Both pictures are painted on canvases of small format, of dimensions frequently used by Meléndez. The use of such a canvas size appears to originate with the series of still lifes painted in 1759- 1774 for the New Cabinet of Natural History of Charles, Prince of Asturias, subsequently King Charles IV of Spain (1748-1819). In 1800, this project would be described by the celebrated art historian Ceán Bermúdez as Meléndez’s greatest achievement – it accounts for about onethird of his known still life output, the group is now spread between the Prado, the Patrimonio Nacional and the Museo Nacional de Escultura. The motivation for the project was the Prince’s great passion for natural history. In the chapter of his monograph devoted to the princely commission, Peter Cherry points to the relationship between certain of Meléndez’s paintings and botanical watercolours by Cristobál Vilella, perhaps partly inspired by the former (Luis Meléndez: Still life painter, Madrid, 2006, pp. 193ff.). In Cherry’s words, Meléndez ‘planned to inventory the natural produce of the Spanish peninsula’; the prince’s accounts describe the series as representing ‘the natural history of Spain, that is the depiction of the all the fruits, meats, birds, fish, flowers, foodstuffs and natural produce of these Kingdoms’ (ibid., p. 222). Whether or not the present picture and the following lot were painted for the Prince of Asturias, the same motivation is clearly in evidence: the care and sensitivity with which Meléndez paints this group of objects speaks not only of his affection for the observed world, but also of his fondness for local fare – the cherries and figs of Extremadura, the pears of Mallorca, the plums and grapes and the tinto of Spain.

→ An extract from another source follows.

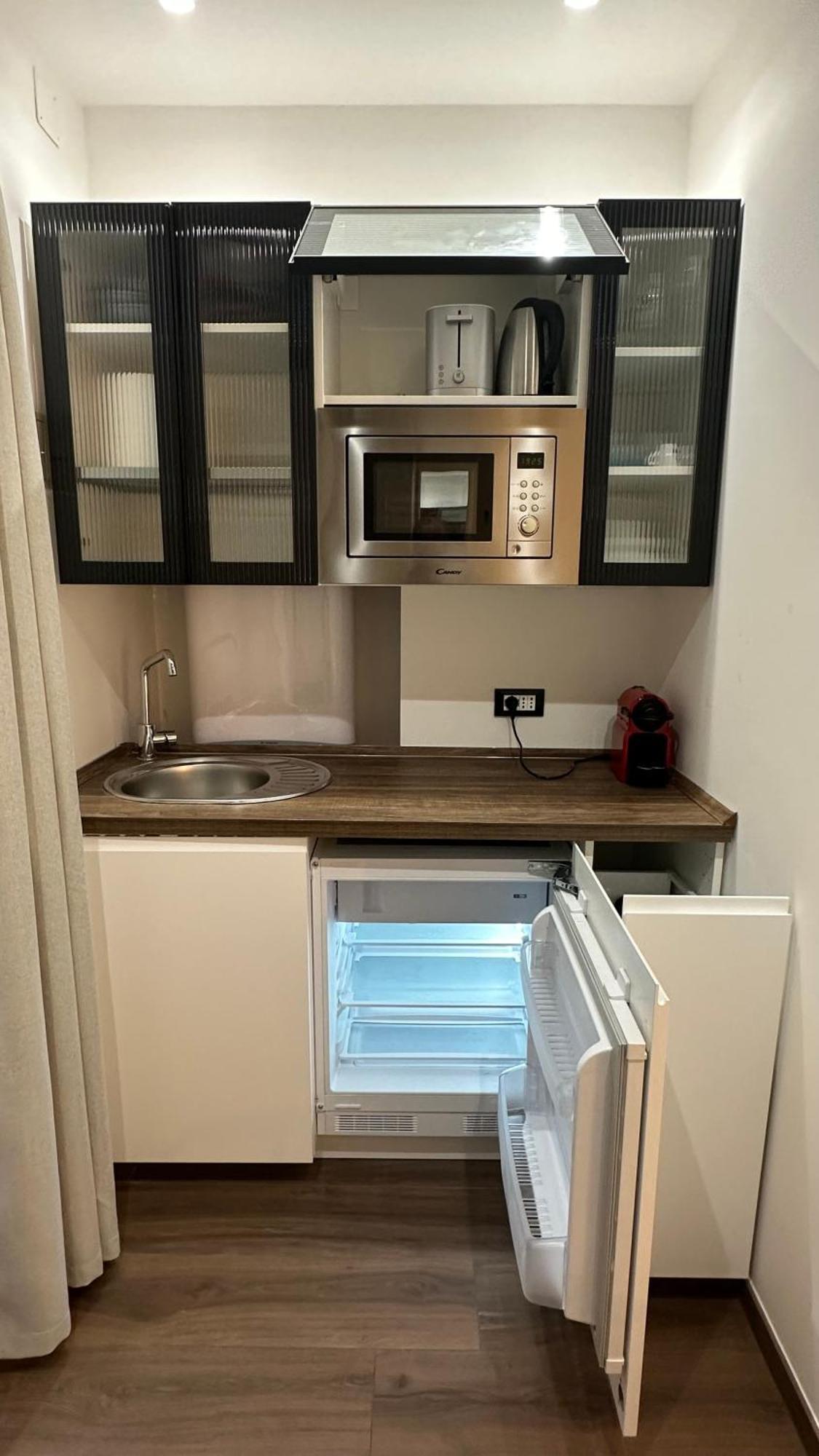 Colosseo Design Apartament โรม ภายนอก รูปภาพ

His rendering of space is masterful: the elements are arranged with deceptive simplicity, brought together to create a sense of natural order and harmony. The geometry of the manmade objects is set off by the irregular contours of the fruit and bread. As in most of Meléndez’s pictures, the light falls from the upper left, highlighting the convex curves and picking out every surface detail. Elements of both compositions, such as the copper pail and the large loaf of bread, or the plate of grapes and pears, feature in other works by the artist in the Prado, Madrid, in the Museu Nacional d’Art de Catalunya, Barcelona (figs. 1 and 2), and in the Museum of Fine Arts, Boston. Indeed throughout his oeuvre he tends to reprise similar stock parts, which are re-invented and re-worked in different combinations. Each picture though stands alone as an individual creation, part of a grander vision of nature that Meléndez perfected.